Catalina Vicens avait déjà offert, en
2013 chez le même éditeur, une fort belle anthologie intitulée Parthenia qui
mettait à l’honneur trois compositeurs anglais, Byrd, Bull et Gibbons. Cette
nouvelle réalisation atteste du très heureux processus de maturation à l’œuvre
chez une jeune musicienne qui ne cesse d’élargir son champ d’investigations et
de réflexion et apparaît ici pleinement à la hauteur des enjeux de ce projet.

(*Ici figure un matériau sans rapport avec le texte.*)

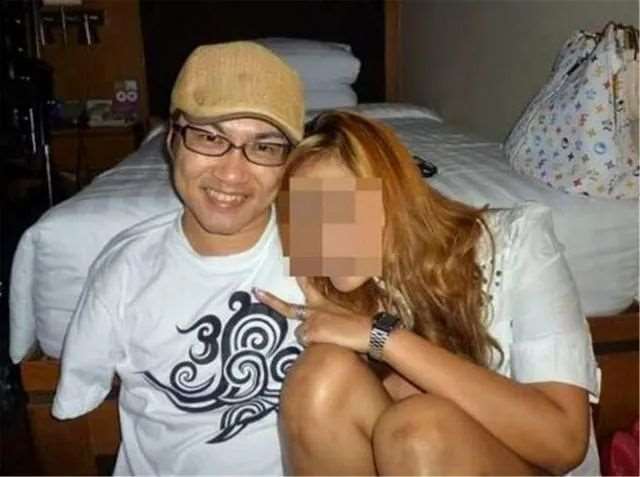 结婚15年出轨50次 史上最强渣男出轨照(点击浏览下一张趣图)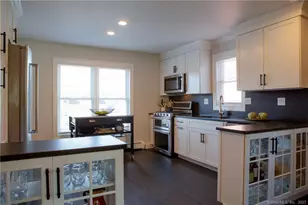 331 Riverside Dr, Fairfield, CT 06824 - Photo 3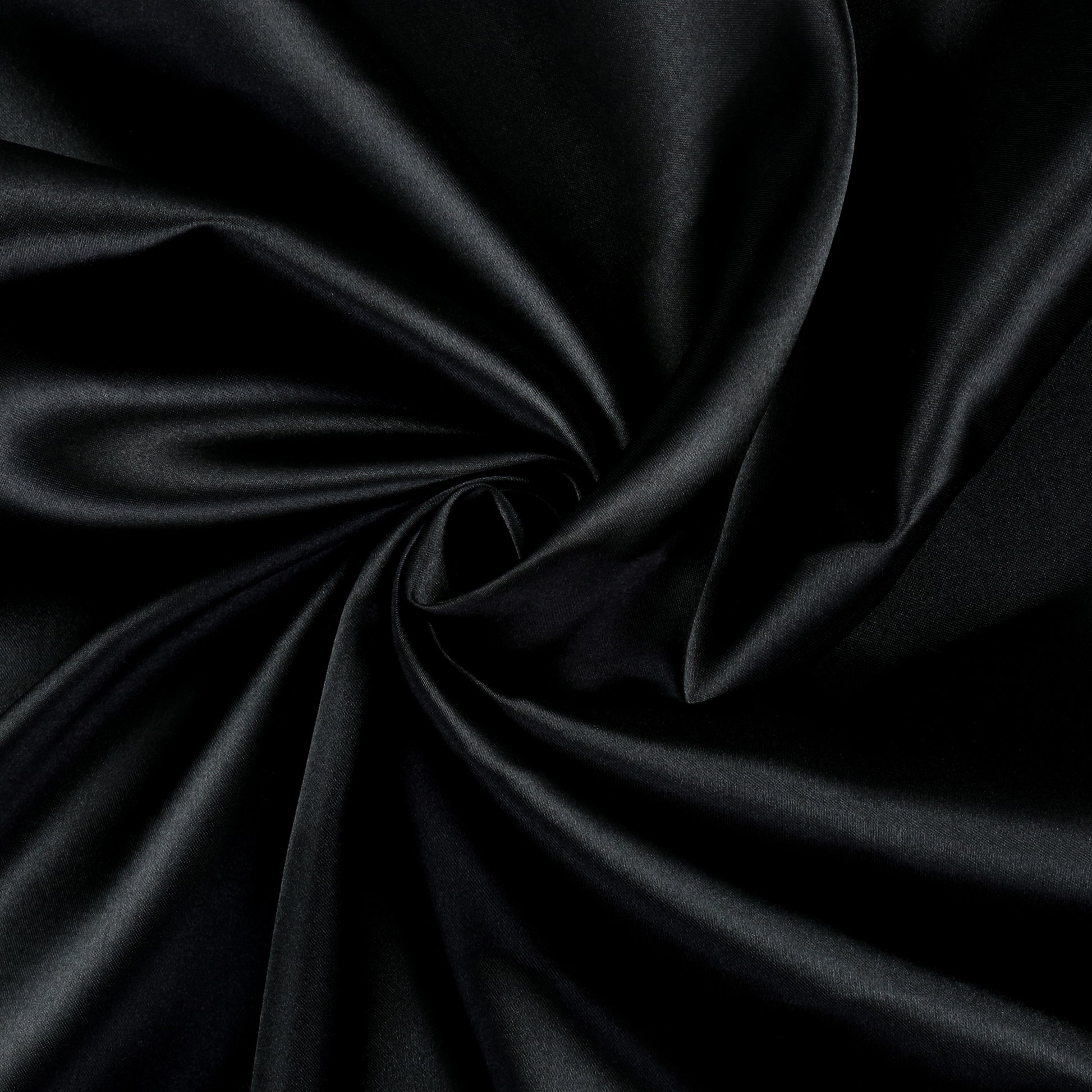 Black,16076189-e998-417d-850c-21ebfd1a364e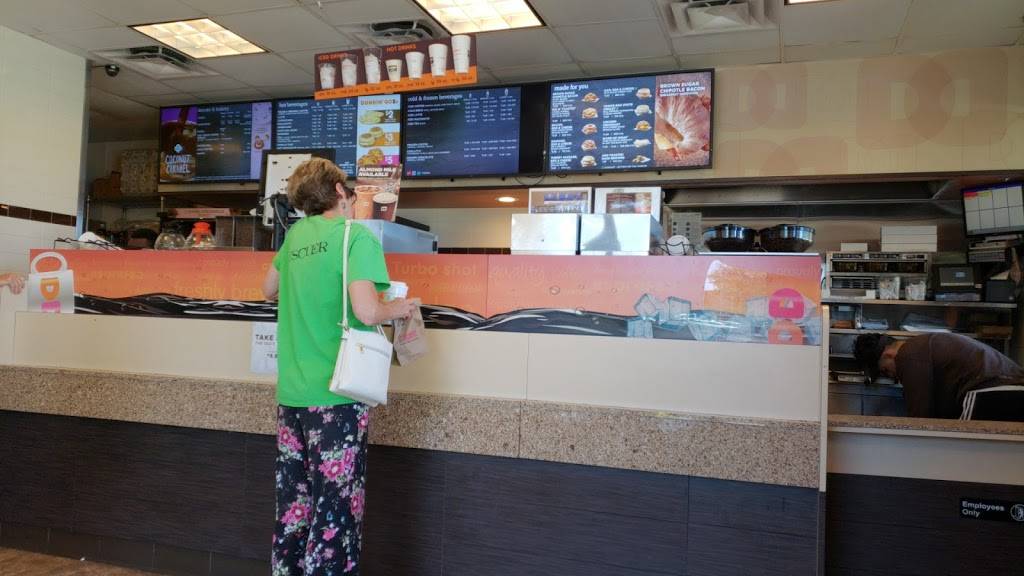 Dunkin | bakery | 16145 S State Rd 7, Delray Beach, FL 33446, USA | 5614980004 OR +1 561-498-0004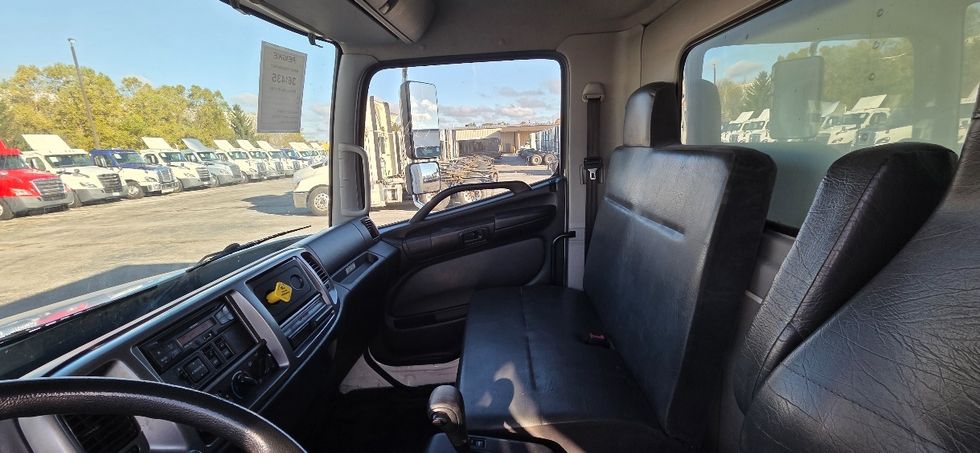 Medium Duty Box Truck-Light and Medium Duty Trucks-Hino-2020-268-Middlefield-OH-231,100\n\t\tmiles-$ 45,000 - Image 18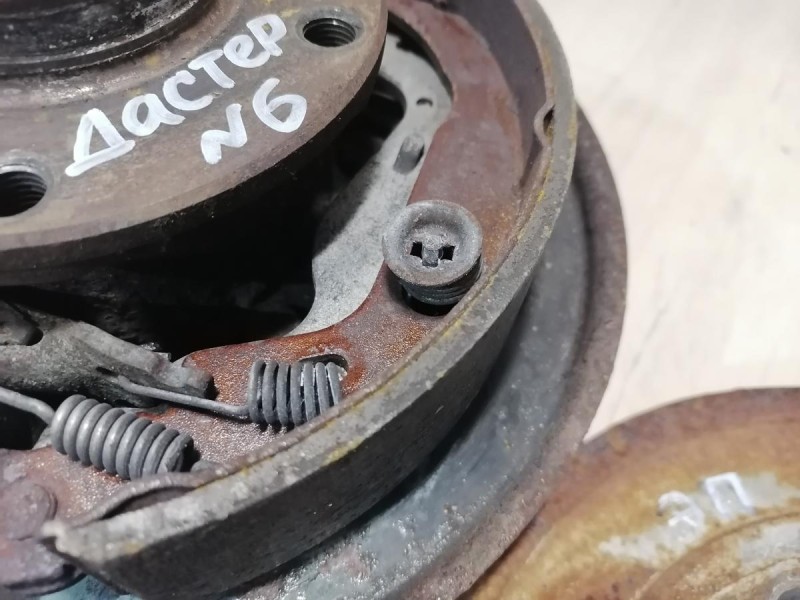 Duster №6 кулак задний левый правый ступица барабан тормозной ручник к-кт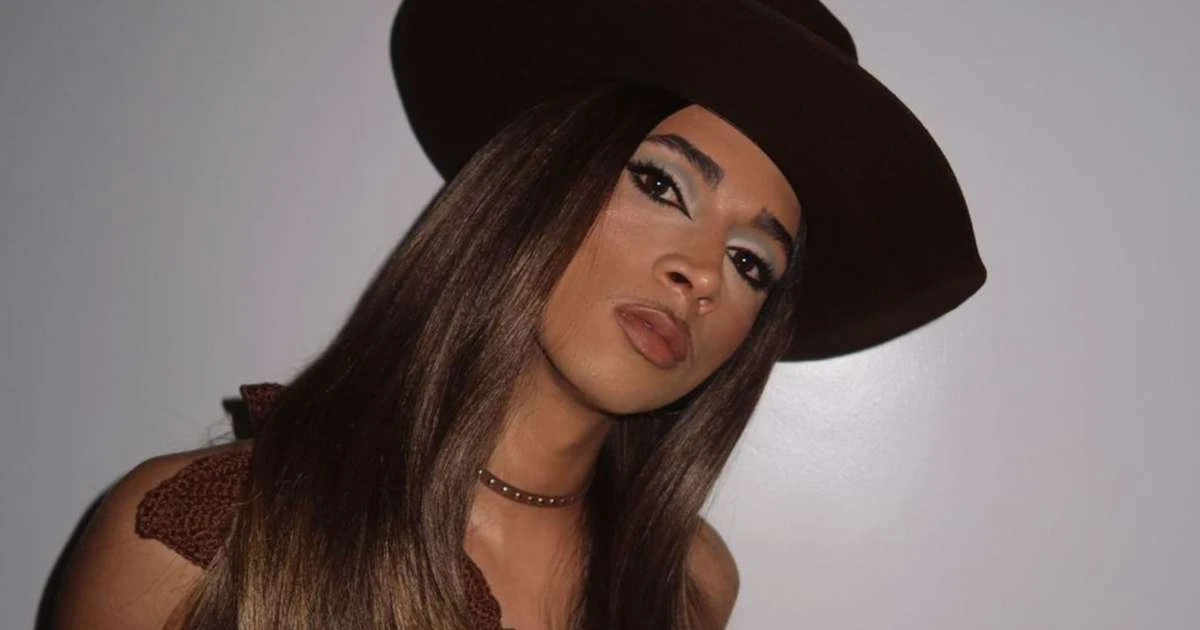 Humorista Pedroca denuncia xenofobia mascarada nas redes sociais: 'Isso nos silencia'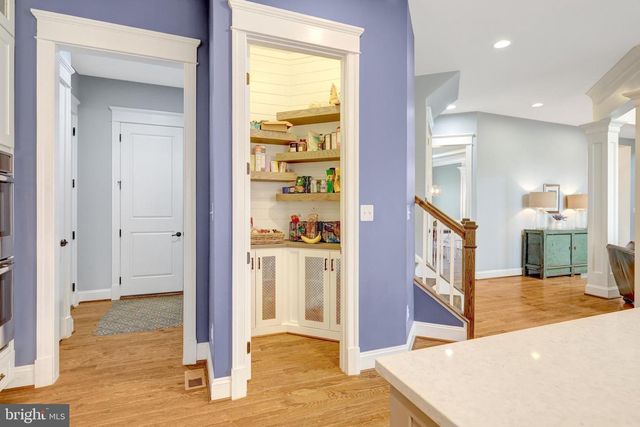 41258 CHATHAM GREEN CIR, Aldie, VA 20105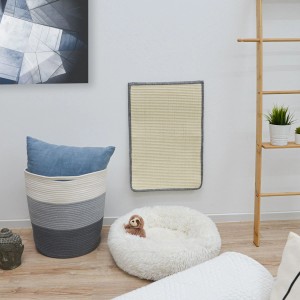 eyepower XXL Sisal Kratzschutz für Möbel, 130x44cm, an Wand montiert.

Grâce à un jeu parfaitement maîtrisé et pensé mais pour autant jamais
péremptoire ou académique, elle fait souffler sur ces pièces la spontanéité, la
liberté mais également la précision et le raffinement qu’elles réclament. Rien
n’est jamais ni tiède, ni fade, ni anecdotique dans cette heure de musique en
tout point généreuse à laquelle on ne fera que le reproche de paraître passer
trop vite ; chaque œuvre y est caractérisée avec finesse et intelligence, qu’il
s’agisse de danser avec vivacité et légèreté, de chanter noblement ou de se
concentrer pour goûter pleinement la saveur un peu âpre d’une dissonance,
l’inventivité d’une diminution ou d’un contrepoint. On sait également
particulièrement gré à l’interprète de n’avoir jamais sacrifié l’expressivité à
l’ivresse qu’il peut y avoir à toucher un aussi prestigieux instrument ; il me
semble qu’elle a, tout au contraire, pris le temps de se familiariser avec lui
en toute humilité pour mieux dépasser ses limites et exalter ses couleurs et son
caractère propres, à tel point que la symbiose entre les deux s’impose de
manière évidente. Enregistré avec naturel et transparence, ce récital
chaleureux, toujours passionnant, souvent enthousiasmant, nous conte une
décidément belle histoire napolitaine et confirme Catalina Vicens comme une
claveciniste débordante d’idées à suivre avec le plus grand intérêt.